The bad blood predated these events by quite a ways. Both Hamilton and Burr were among the foremost lawyers and politicians in New York, and were bitter rivals going back for years.

Hamilton wrote a letter to a correspondent in 1792 regarding Burr after a disputed election for the governorship of New York (each backed a different candidate) stating:

"I fear the other gentleman [i.e., Burr] is unprincipled both as a public and private man. When the constitution was in deliberation. . . his conduct was equivocal. . . . In fact, I take it he is for or against nothing but as suits his interest or ambition. He is determiend, as i conceive to make his way to be the hea dof the popular party and to climb. . . to the highest honors of the state and as much higher as circumstances may permit . . . I am mistaken if it is not his object to play the game of confusion and I feel it a religious duty to oppose his career."

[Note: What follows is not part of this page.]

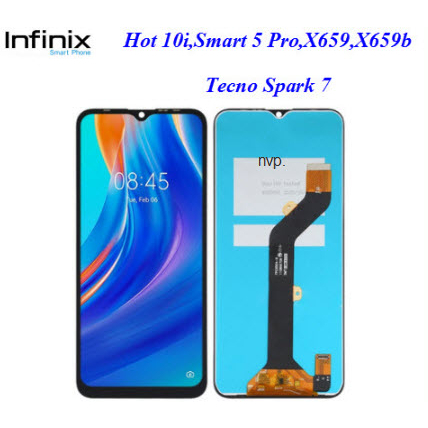 จอ LCD.infinix Hot 10i,Smart 5 Pro,Tecno Spark 7,X659,X659b,X658e,PR652b+ทัชสกรีน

Alexander Hamilton, by Ron Chernow, pg. 422.

Amnorix
03-23-2008, 07:37 PM
Guess Monty Python was right. There's always a bright side to anything sad.

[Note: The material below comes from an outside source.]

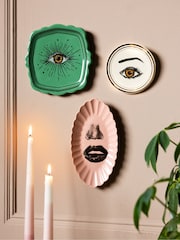 Rockett St George 3 Piece Multi All eyes on you Wall Plate Set - Image 1 of 7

Truly vile. Alexander Hamilton did more for this country, having come here in poverty from a pathetic backwater of a British island, than 99.99999% of Americans before or since have ever dreamed of doing.

You might as well insult Washington while you're at it, since Washington was ever Hamilton's patron and sponsored his entire career.

jettio
03-23-2008, 08:10 PM
The bad blood predated these events by quite a ways. Both Hamilton and Burr were among the foremost lawyers and politicians in New York, and were bitter rivals going back for years.

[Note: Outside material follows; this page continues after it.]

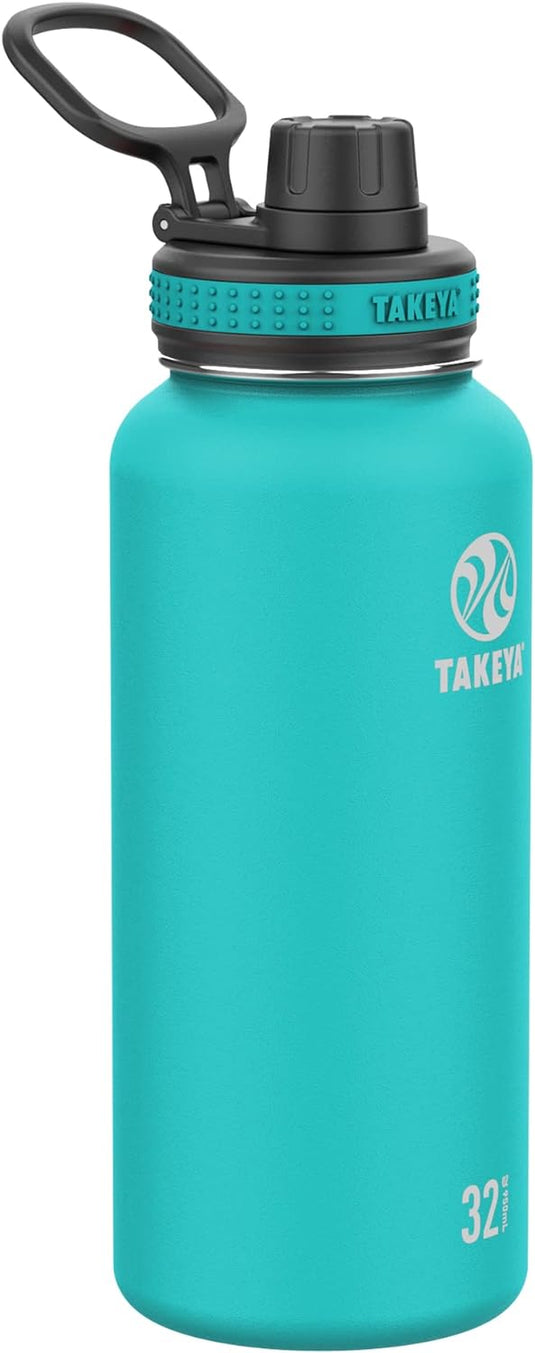 Originals 32 Oz Vacuum Insulated Stainless Steel Water Bottle with Straw Lid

Hamilton wrote a letter to a correspondent in 1792 regarding Burr after a disputed election for the governorship of New York (each backed a different candidate) stating:

"I fear the other gentleman [i.e., Burr] is unprincipled both as a public and private man. When the constitution was in deliberation. . . his conduct was equivocal. . . . In fact, I take it he is for or against nothing but as suits his interest or ambition. He is determiend, as i conceive to make his way to be the hea dof the popular party and to climb. . . to the highest honors of the state and as much higher as circumstances may permit . . . I am mistaken if it is not his object to play the game of confusion and I feel it a religious duty to oppose his career."

Alexander Hamilton, by Ron Chernow, pg. 422.

The lesson we can learn from that is that Mitt Romney may just snap and shoot somebody one day.